AIM OF THE TASK
Each line of the data below between the one containing "The Tale of" and the one containing "The concept of", both included, is to be repeated exactly. Please omit pictures.

DATA LISTING
....

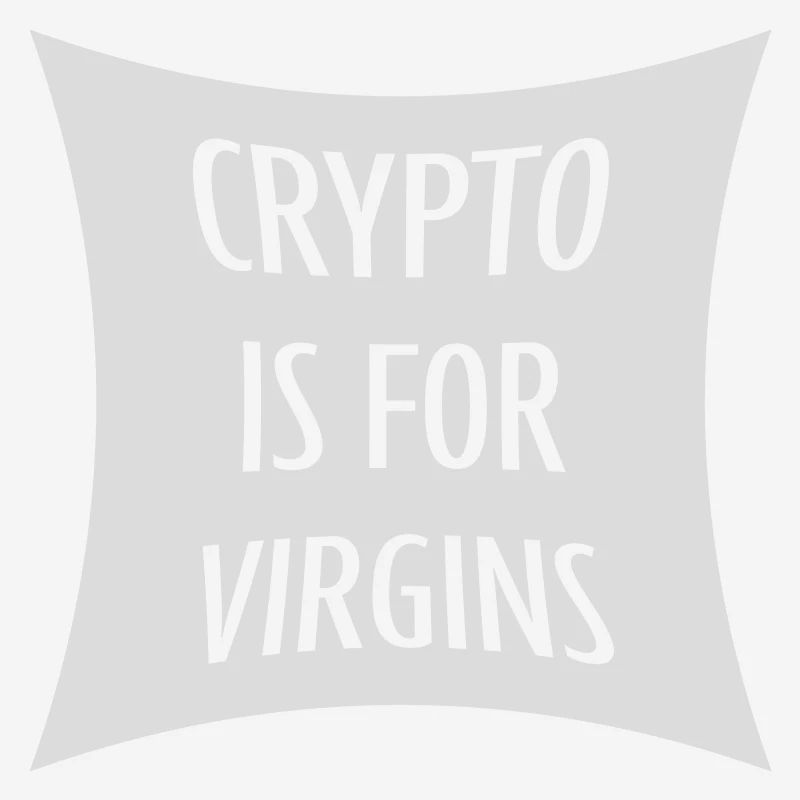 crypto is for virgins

....

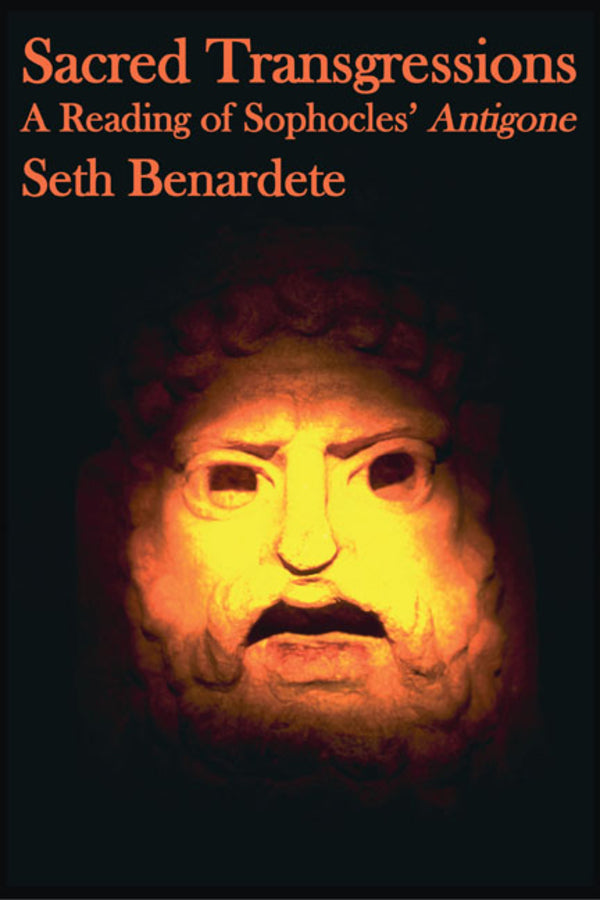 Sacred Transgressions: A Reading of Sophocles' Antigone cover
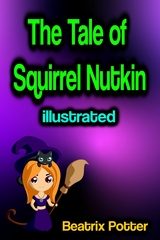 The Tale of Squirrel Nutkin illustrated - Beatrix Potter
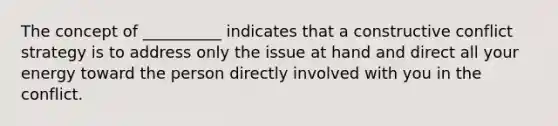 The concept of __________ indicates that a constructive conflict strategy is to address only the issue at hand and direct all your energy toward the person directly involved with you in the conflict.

....

COMPLETED EXERCISE
 The Tale of Squirrel Nutkin illustrated - Beatrix Potter
 The concept of __________ indicates that a constructive conflict strategy is to address only the issue at hand and direct all your energy toward the person directly involved with you in the conflict.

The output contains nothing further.